The Style of Yoga I Teach, Part II
For the blog this month, I am continuing to write about the style of yoga I teach. Last month, I gave you a high-level primer on the nervous system and how my aim is to give you tools to train your nervous system to practice the relaxation response. This month, I’ll give some specific examples of what I teach and how it relates to nervous system resilience.
As I mentioned in the blog last month, I have learned much of what I teach from Kristine Kaoverii Weber of Subtle Yoga. I completed both my 200-hour and 500-hour yoga teacher trainings with Subtle Yoga. Another major source of what I teach comes from my 10 year career in the mental health field. I work as a Peer Support Specialist, which is a person in long-term recovery from mental health or substance use challenges who works with others just starting their recovery journey. I have done this work for the better part of 10 years, and along the way I have learned much from both my clients and the mental health clinicians I’ve worked with.
One tool that I learned about in the mental health field and incorporate into my classes is called grounding. According to the Berkeley Well-Being Institute, “Grounding techniques are coping strategies that reconnect you with the present, a self-regulation mechanism for times of stress and anxiety.” These skills are very useful to practice when you are already calm, so that when anxiety hits you remember how to get yourself back to a calm place.
“Grounding techniques are coping strategies that reconnect you with the present, a self-regulation mechanism for times of stress and anxiety.”
I start most of my group sessions and yoga coaching sessions with grounding using the senses. We focus on the small details of what we feel, hear, smell, and see, turning our attention back to our senses when our mind starts to wander. I usually spray essential oil blends while we focus on the sense of smell, to add an element to focus on. I find that practicing this skill at the beginning of class allows people to get grounded and ready to move their bodies.

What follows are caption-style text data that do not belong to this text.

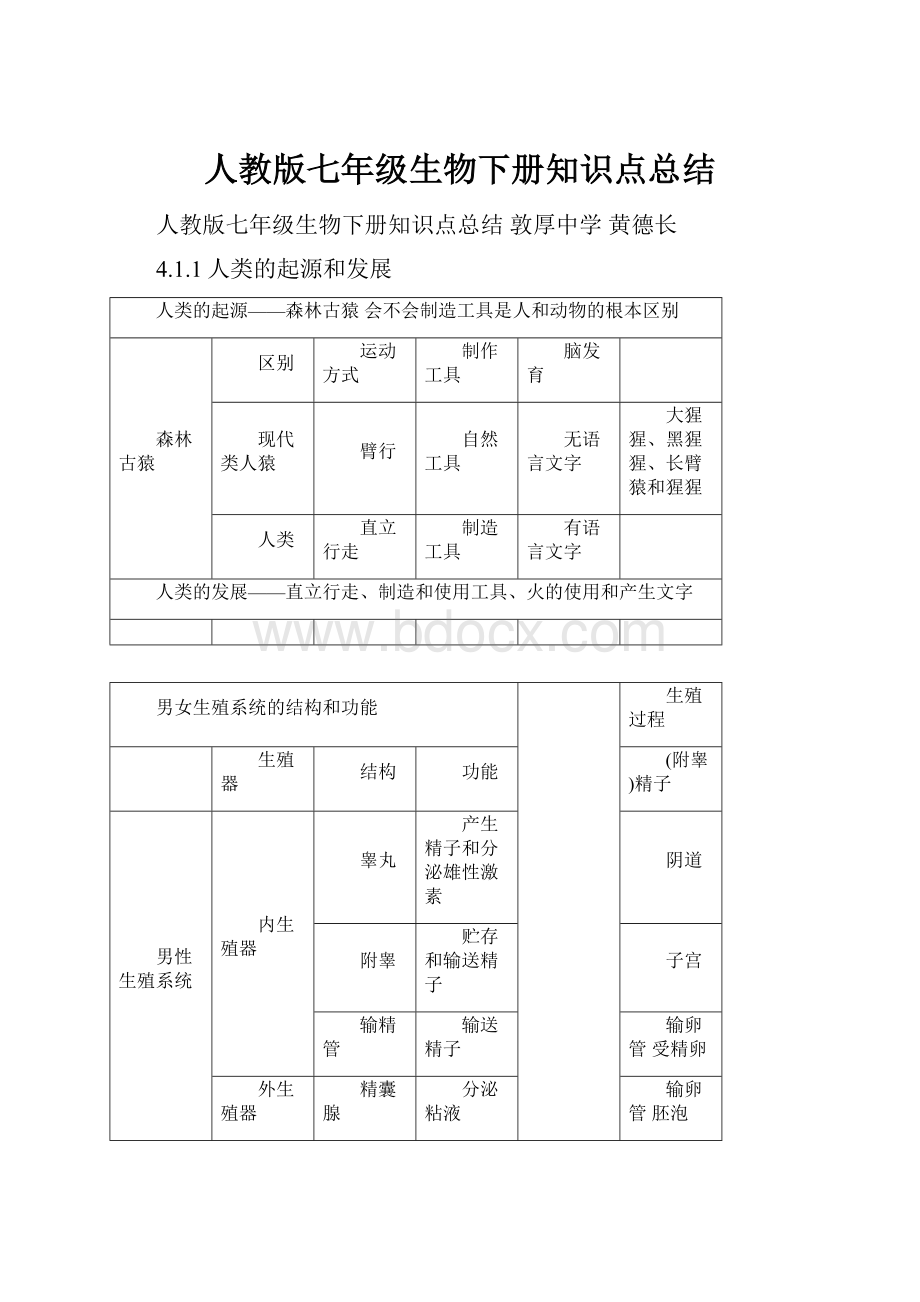 人教版七年级生物下册知识点总结.docx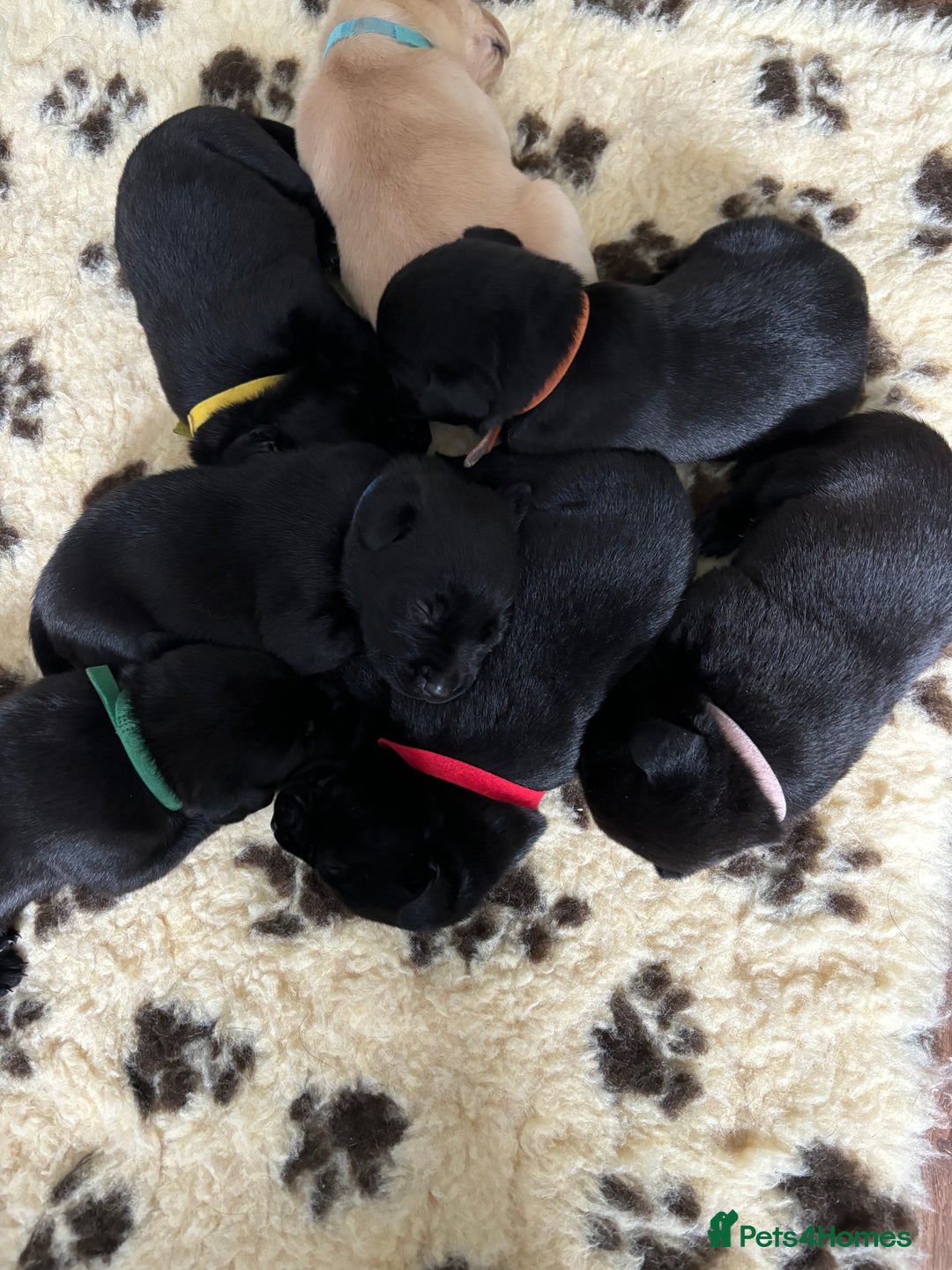 Labrador Retriever dogs for sale: 9 Beautiful Labrador Puppies For Sale  - Image 29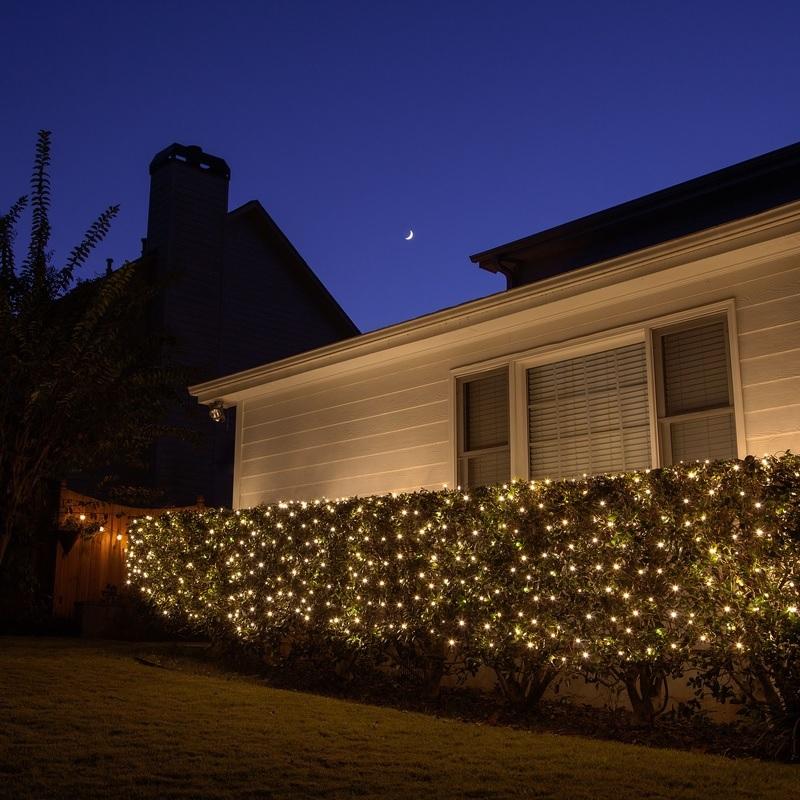 Basically a blanket of lights. You can wrap it around tree trunks, you can throw it over a bush, etc. There are different color options. These lights are clear.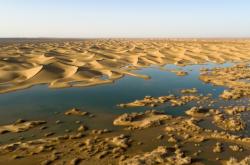 赤峰翁旗鞭炮專賣店電話號(hào)碼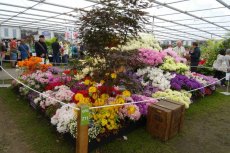 RHS Chelsea Flower Show 2016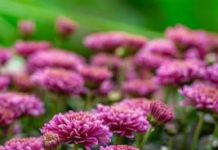 Endeavour Foundation needs volunteers for Mother’s Day bouquets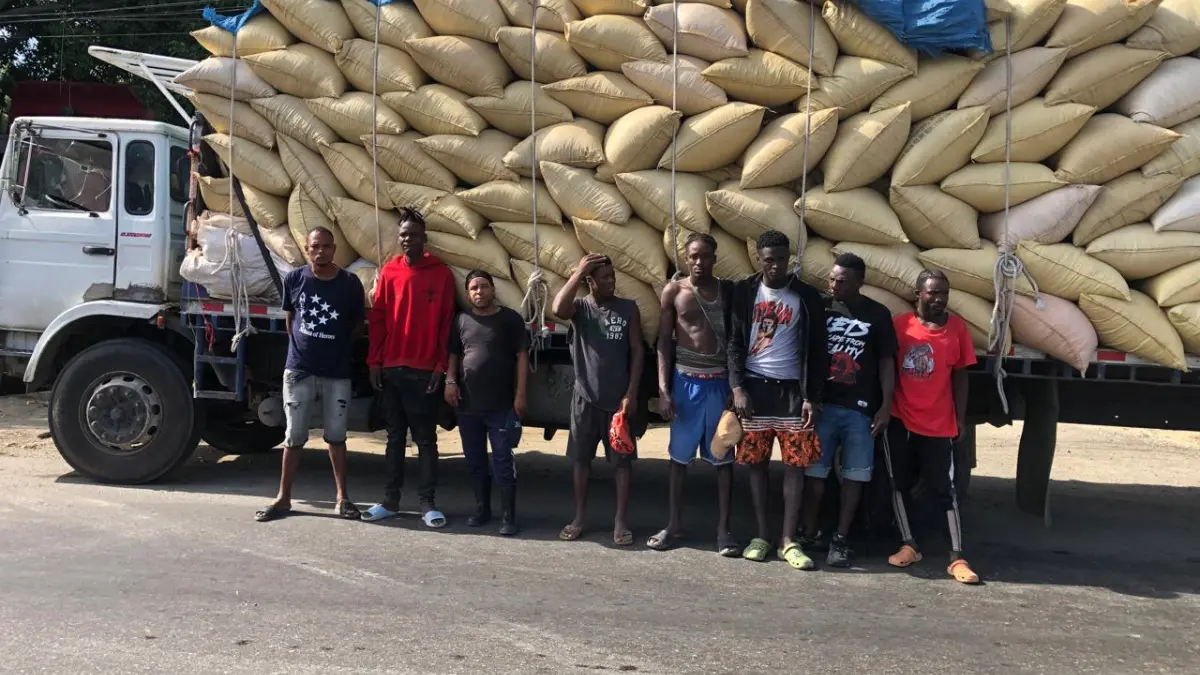 Detienen camión con haitianos indocumentados ocultos entre sacos de paja de arroz
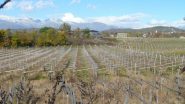 vigneti a nord di san Giorgio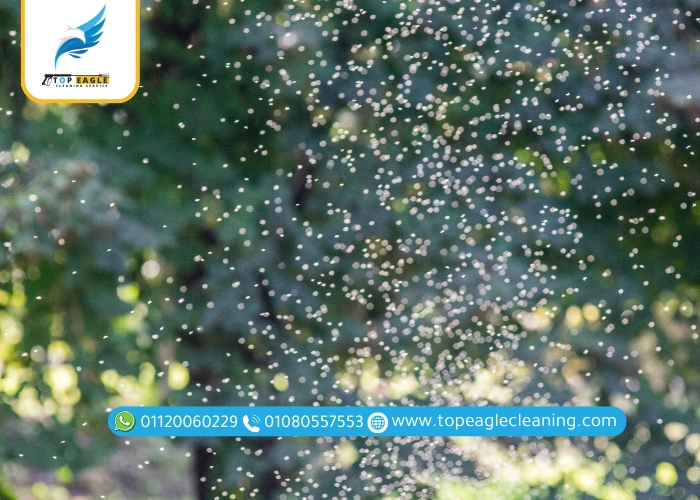 طرق التخلص من الحشرات الطائرة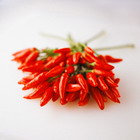 ���� � �������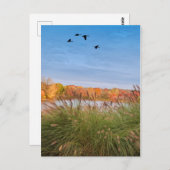 Gedekte herfst Connecticut Briefkaart (Voorkant / Achterkant)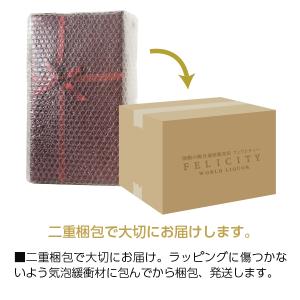 包装紙+のし掛け 【結び切り水引5本】 快気祝...の詳細画像5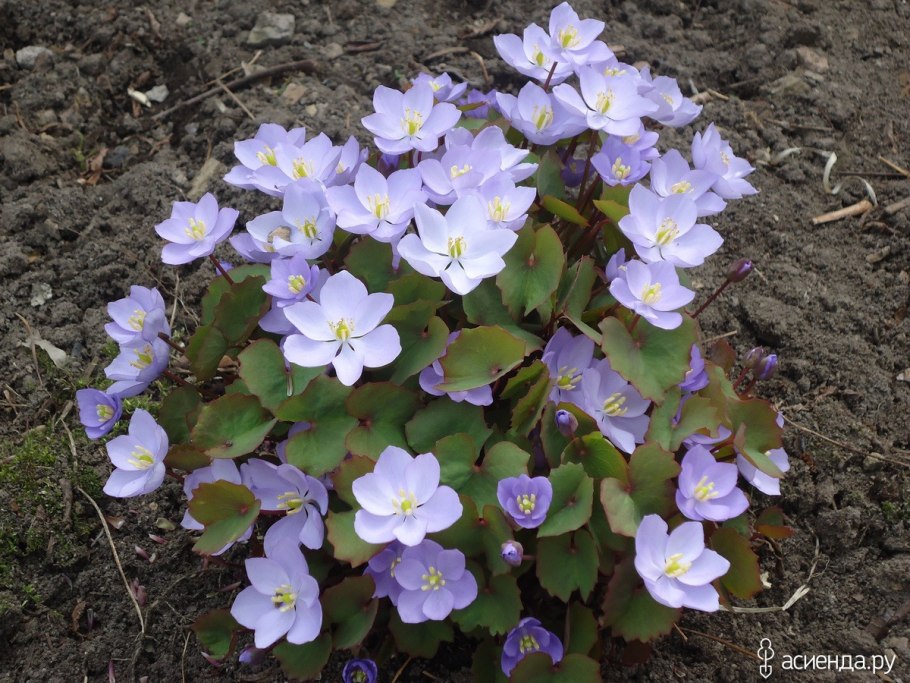 Джефферсония сомнительная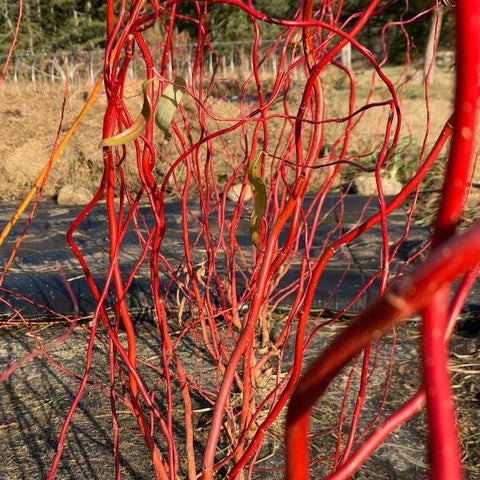 Willow Unrooted Cutting-Curly Red Willow - Sunny Meadows Flower Farm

Another strategy that increases parasympathetic (relaxation response) activity is moving in and out of a single pose multiple times. This I learned from Kristine Weber. She says, “the nervous system loves smooth, fluid movements”. This is common sense even if you don’t know anything about the nervous system. Babies loved to be rocked when they need to be soothed, and children (and adults!) tap their legs or bounce when they’re anxious in order to calm down. Repeating poses with smooth, fluid movements encourages the down regulation of the nervous system aka calming down.
Those are just a couple of concrete examples of skills and tools I teach to encourage a relaxation response in the nervous system. Practiced consistently over time, vagal tone improves and the relaxation response happens more quickly. I have been grateful for the opportunity to teach yoga at work in the mental health field, to offer these tools and strategies to individuals with mental health challenges who really need them. That is one of the reasons I started Spectrum Yoga!